Facts About Wild Pigeons
This information is about wild
pigeons, though much of the information will have a useful application to
* Nest building occurs 5-7 days after the first mating.
* Mating occurs 5-7 times per day.
* Some repetitive nest sites are built on the old site. Nests have be known to be almost 8 inches high, 20 inches wide and weigh 4 lbs (Kansas). It contained several crushed eggs and two mummified babies.
* The favored nesting spots are not cliffs, though they are used in the wild populations remaining in the harsh west coast of England and Scotland. These nests are vulnerable to Gyr Falcons, Peregrine Falcons, and a deadly gull called the Skua, not to mention horrible weather. The ancestral breeding grounds of choice are the caves on the same cliffs—places of near darkness. (So if you some cocks in a new loft with nest boxes, the strong bird will tend to take and defend the highest darkest “cave”).
* Clutches are 2 egg-91.9%, 1 egg-7.7%, 3 egg--.05%, one case of 4 eggs has been documented in a hen/cock couple.
* The choice of 2 eggs is due to the limitation of crop milk which is typically insufficient for more than two babies.

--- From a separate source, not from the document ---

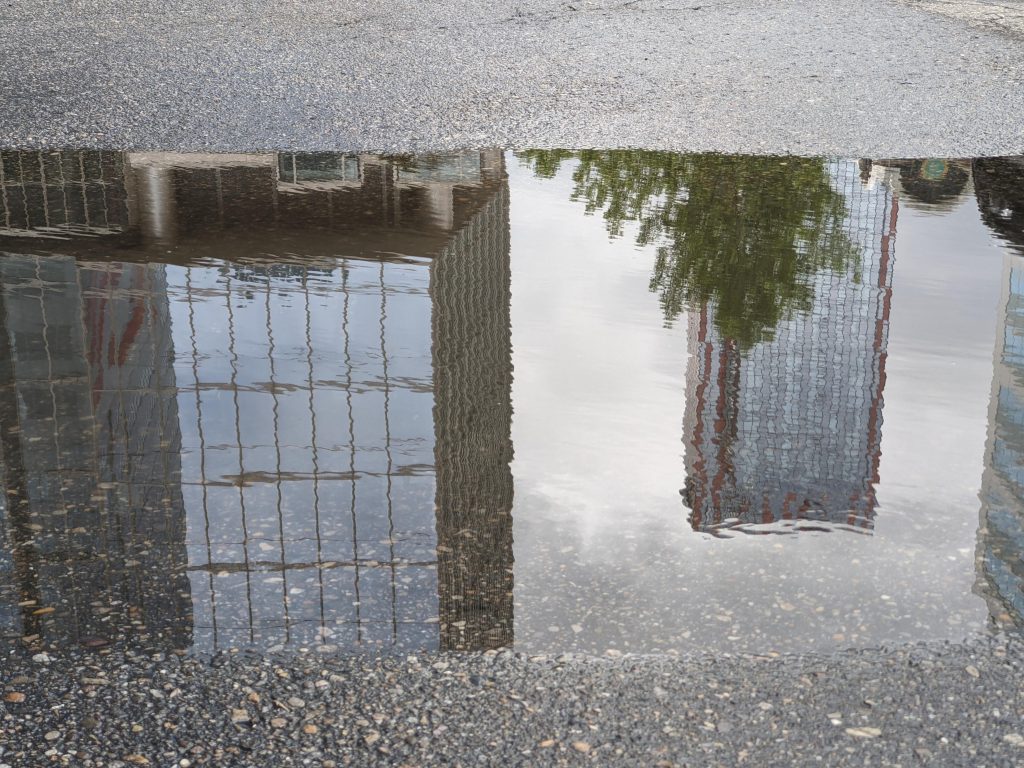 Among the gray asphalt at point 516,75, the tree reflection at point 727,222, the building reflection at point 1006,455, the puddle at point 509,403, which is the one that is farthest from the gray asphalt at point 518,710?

* Winter and summer eggs have a different chemistry of yolk and egg white and overall size.
* If the hen parent dies the nest is abandoned. If the cock dies the hen stays on the nest unless this happens early in the term.

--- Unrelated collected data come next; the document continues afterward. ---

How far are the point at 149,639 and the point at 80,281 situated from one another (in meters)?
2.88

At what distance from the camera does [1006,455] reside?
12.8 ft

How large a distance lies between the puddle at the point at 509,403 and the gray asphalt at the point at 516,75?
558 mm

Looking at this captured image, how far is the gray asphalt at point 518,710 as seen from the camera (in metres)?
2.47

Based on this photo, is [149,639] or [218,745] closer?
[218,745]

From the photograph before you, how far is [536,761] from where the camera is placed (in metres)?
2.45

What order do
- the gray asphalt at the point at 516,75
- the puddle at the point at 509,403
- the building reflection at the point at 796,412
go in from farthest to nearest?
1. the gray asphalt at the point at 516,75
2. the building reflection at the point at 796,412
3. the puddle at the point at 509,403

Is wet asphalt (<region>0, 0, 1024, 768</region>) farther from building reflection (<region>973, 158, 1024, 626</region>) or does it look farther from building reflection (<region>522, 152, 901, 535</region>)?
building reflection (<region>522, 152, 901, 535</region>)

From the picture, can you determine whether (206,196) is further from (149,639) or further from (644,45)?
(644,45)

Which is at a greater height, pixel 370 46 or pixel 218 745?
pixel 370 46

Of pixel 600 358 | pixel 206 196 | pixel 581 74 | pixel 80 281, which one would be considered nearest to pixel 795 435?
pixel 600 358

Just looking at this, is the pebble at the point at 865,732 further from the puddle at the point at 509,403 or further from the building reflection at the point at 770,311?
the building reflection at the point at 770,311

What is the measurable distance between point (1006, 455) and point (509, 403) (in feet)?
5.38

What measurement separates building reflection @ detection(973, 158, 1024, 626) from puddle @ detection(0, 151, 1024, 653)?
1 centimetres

* The egg loses about 22% of weight during incubation in the form of respiratory water loss.
* Maternal Immunoglobin G and tansferrins in the egg yoke and egg white take care of the immune response before the baby develops an immune system. This is also in “pigeons milk” and the adult saliva.

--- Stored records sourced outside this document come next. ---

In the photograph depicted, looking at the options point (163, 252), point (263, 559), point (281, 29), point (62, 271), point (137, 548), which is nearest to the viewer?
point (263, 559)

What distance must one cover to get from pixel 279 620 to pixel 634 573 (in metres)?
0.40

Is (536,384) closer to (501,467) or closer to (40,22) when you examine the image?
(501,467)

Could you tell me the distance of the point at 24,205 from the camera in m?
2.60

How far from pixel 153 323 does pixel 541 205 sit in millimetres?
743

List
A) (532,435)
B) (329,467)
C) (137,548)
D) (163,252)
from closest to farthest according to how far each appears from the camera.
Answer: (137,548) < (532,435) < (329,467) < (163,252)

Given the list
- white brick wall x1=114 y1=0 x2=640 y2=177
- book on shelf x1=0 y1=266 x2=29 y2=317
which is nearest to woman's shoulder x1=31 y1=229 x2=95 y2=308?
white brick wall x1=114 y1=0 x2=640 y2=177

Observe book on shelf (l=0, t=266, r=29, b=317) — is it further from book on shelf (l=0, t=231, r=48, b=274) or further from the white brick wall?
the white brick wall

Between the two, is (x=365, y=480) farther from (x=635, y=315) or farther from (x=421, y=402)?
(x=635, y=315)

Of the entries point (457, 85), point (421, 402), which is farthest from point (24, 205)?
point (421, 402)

* The process of incubation stimulates the release of prolactin which stimulates the production of “pigeons milk”.
* Hatching losses in wild Pigeons is 7-25% averaging about 10%. The greatest losses are in the first 5 days.
* The first egg has approximately one day’s head start on the second egg, even though the eggs are about 44 hours apart on average.
* Brood reduction strategy via hatching asynchrony is valuable when food is scarce-this assures one baby will survive. Other species may not incubate until all eggs are laid. (If you breed pigeons you may take the first egg to a cool place until the second egg is laid). In wild Pigeons on average, 70% of the first eggs fledge and only 57% of the second eggs fledge.
* If the second egg hatches 2 days after the first, 60% of the second chicks die. Later than that and they all die.
* Other species have the first egg be the smaller gender (could be male or female) because the smaller youngster has a smaller price in terms of food energy required, but pigeons give the larger male the first egg.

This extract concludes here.